Directions:
Once "Toddler Learning Tower" turns up in a line below, reproduce that line and those after it exactly, stopping after the line with "Military Weapon Motorcycle"; leave pictures out.

[Crawled caption data]
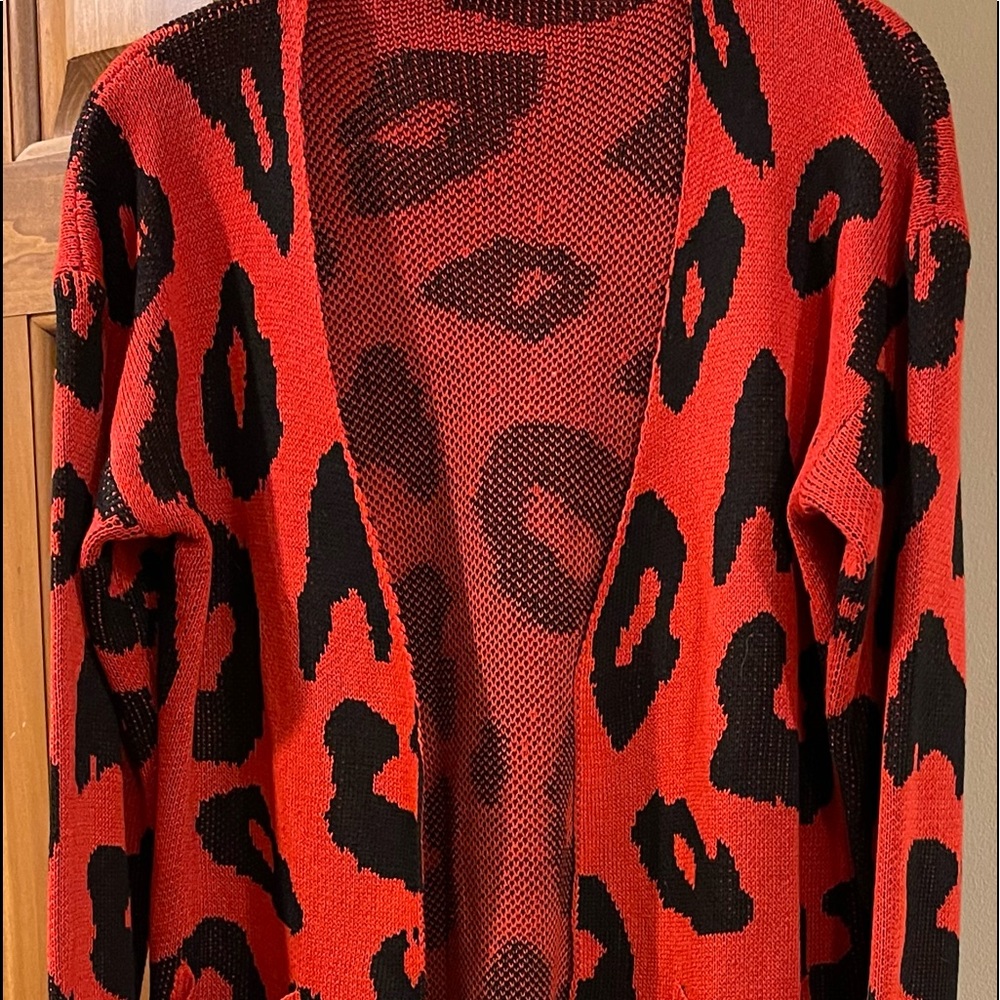 Leopard print duster sweater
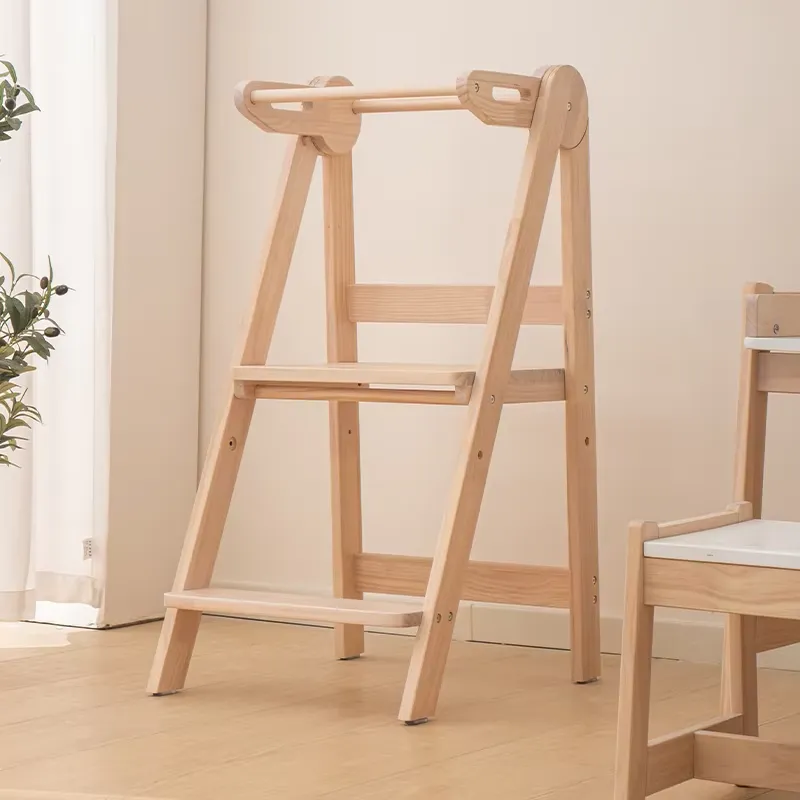 Toddler Learning Tower - เก้าอี้สตูลทรงหอคอยไม้สำหรับเด็กวัยหัดเดิน เก้าอี้สตูลขั้นบันไดเพื่อการเรียนรู้สไตล์โมเดิร์น ที่วางเท้าสำหรับล้างมือเด็ก ใช้ในห้องน้ำ ห้องครัว หรือตกแต่งห้องนั่งเล่น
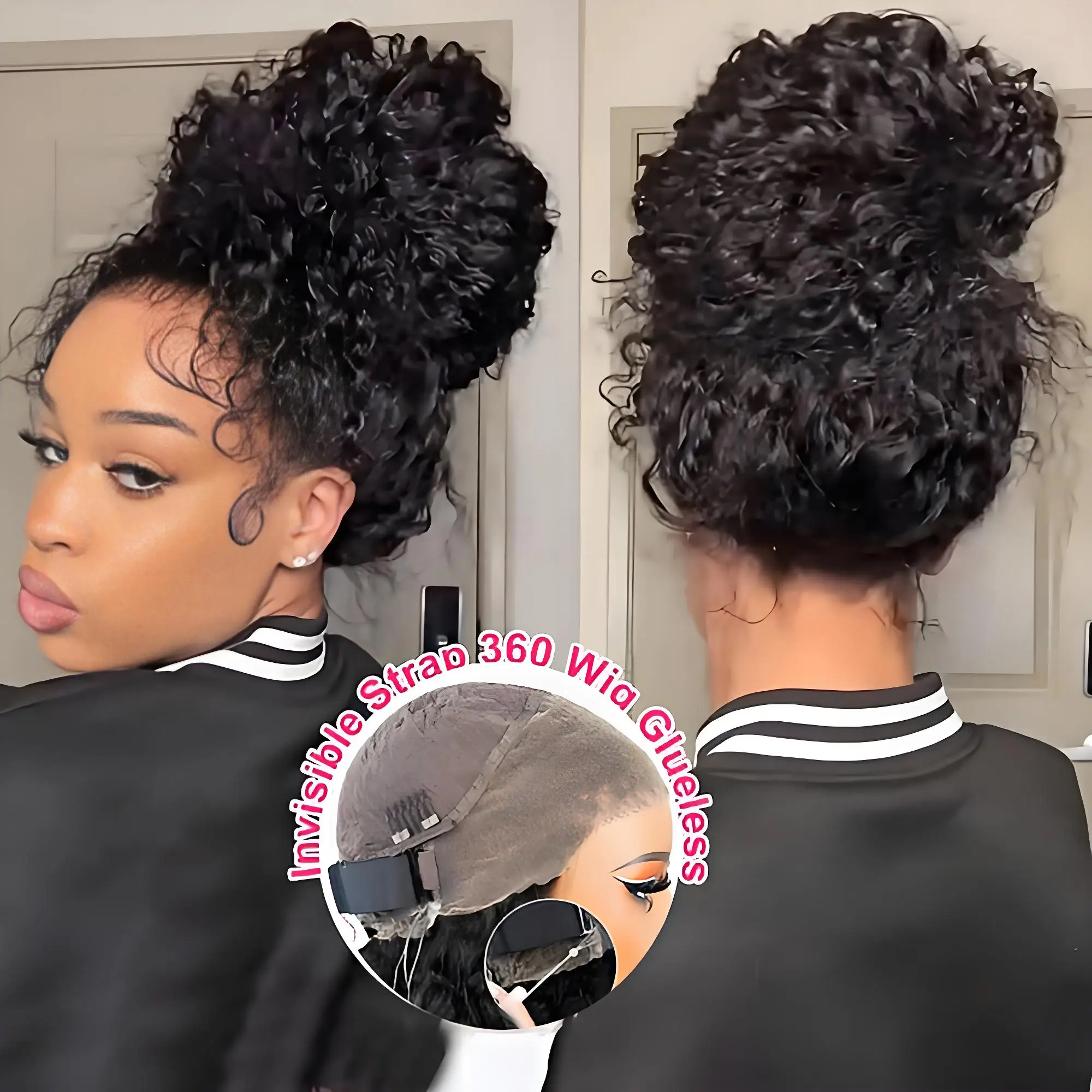 Peruca de Cabelo Humano Ondulado Profundo 230% Densidade, 32-36 Polegadas, com Faixa Invisível, Frontal de Renda 360 Completa, Cordão Ajustável, Renda HD, Sem Cola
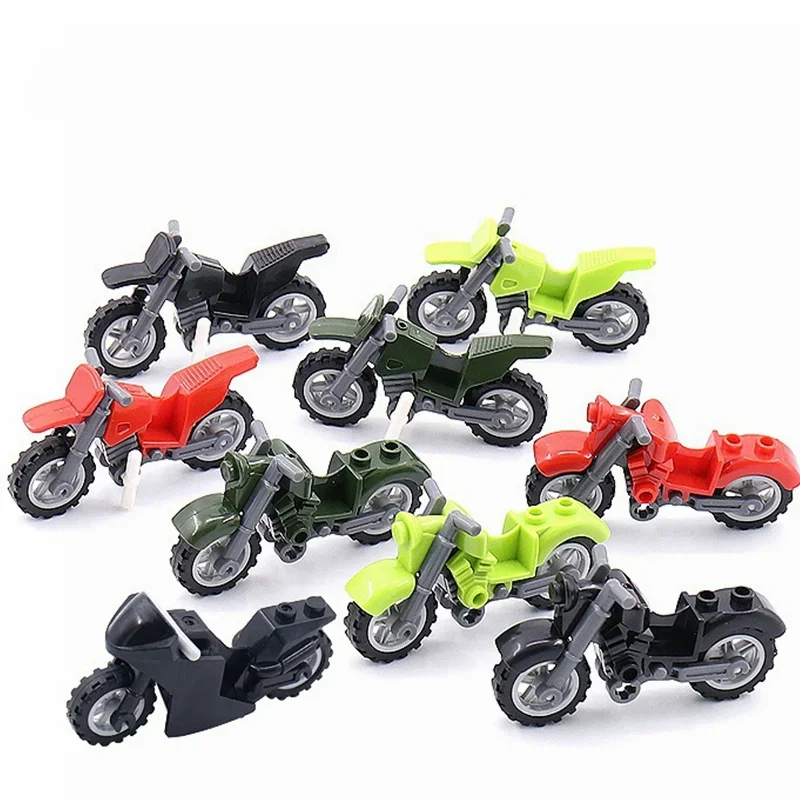 

Military Weapon Motorcycle Many Colors Toys For Children Accessories War II Transportation Facility Militaries Compatible Blocks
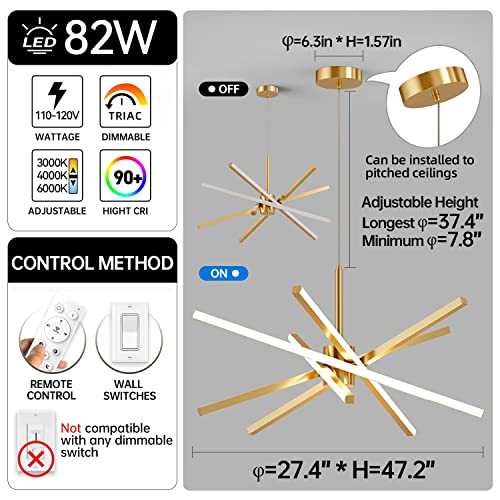 Lustre LED 82W dimmable avec télécommande suspension dorée 80cm éclairage salon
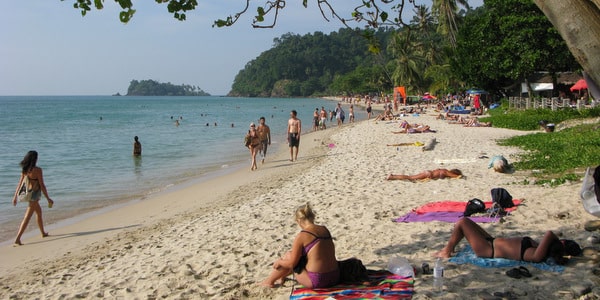 holidaymakers on Lonely Beach- Koh Chang beaches
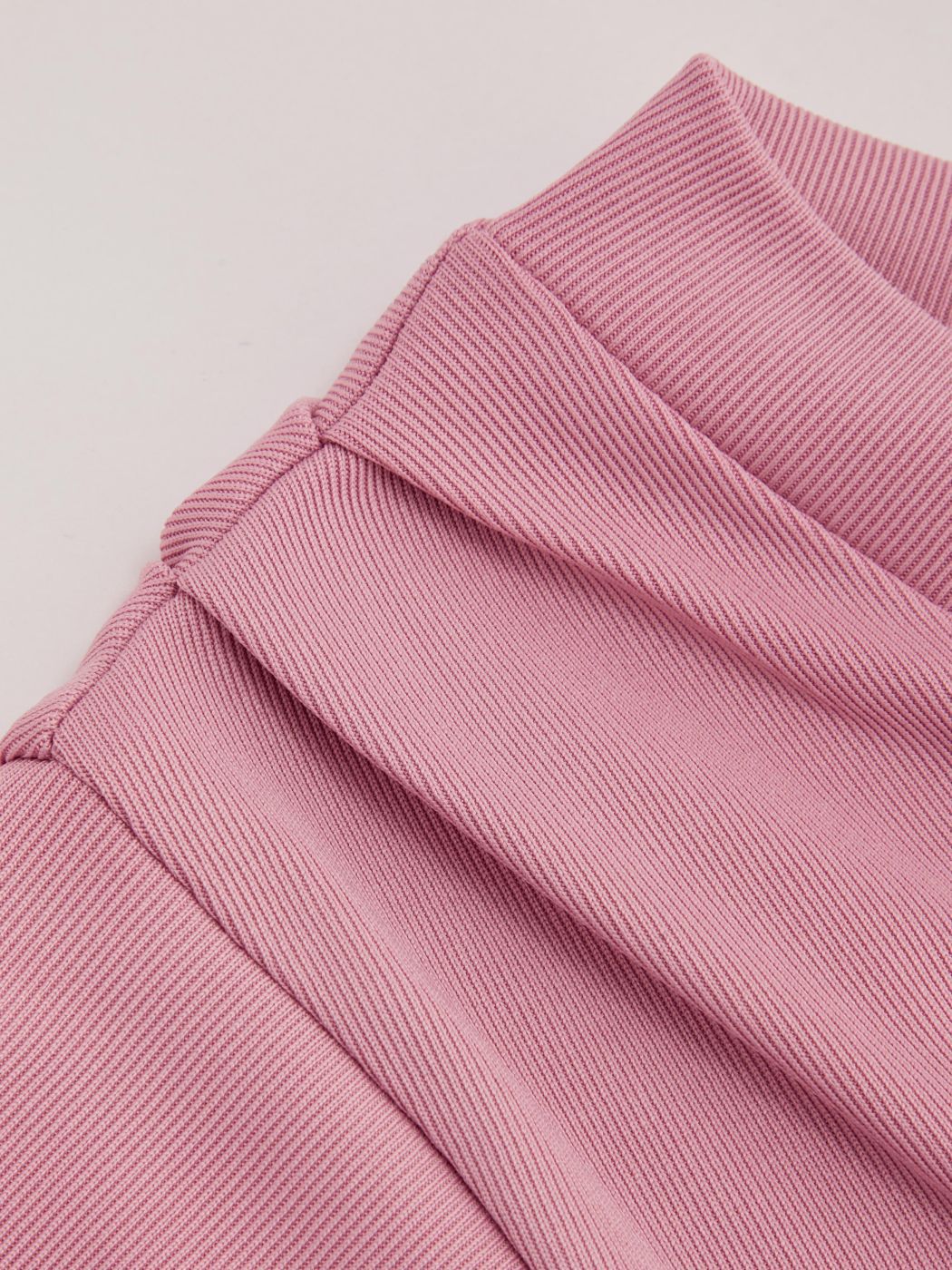 Pink V-Neck Crop Top Wide Leg Pants Set - Pleated Shoulder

Answer below:
 Toddler Learning Tower - เก้าอี้สตูลทรงหอคอยไม้สำหรับเด็กวัยหัดเดิน เก้าอี้สตูลขั้นบันไดเพื่อการเรียนรู้สไตล์โมเดิร์น ที่วางเท้าสำหรับล้างมือเด็ก ใช้ในห้องน้ำ ห้องครัว หรือตกแต่งห้องนั่งเล่น
 Peruca de Cabelo Humano Ondulado Profundo 230% Densidade, 32-36 Polegadas, com Faixa Invisível, Frontal de Renda 360 Completa, Cordão Ajustável, Renda HD, Sem Cola

Military Weapon Motorcycle Many Colors Toys For Children Accessories War II Transportation Facility Militaries Compatible Blocks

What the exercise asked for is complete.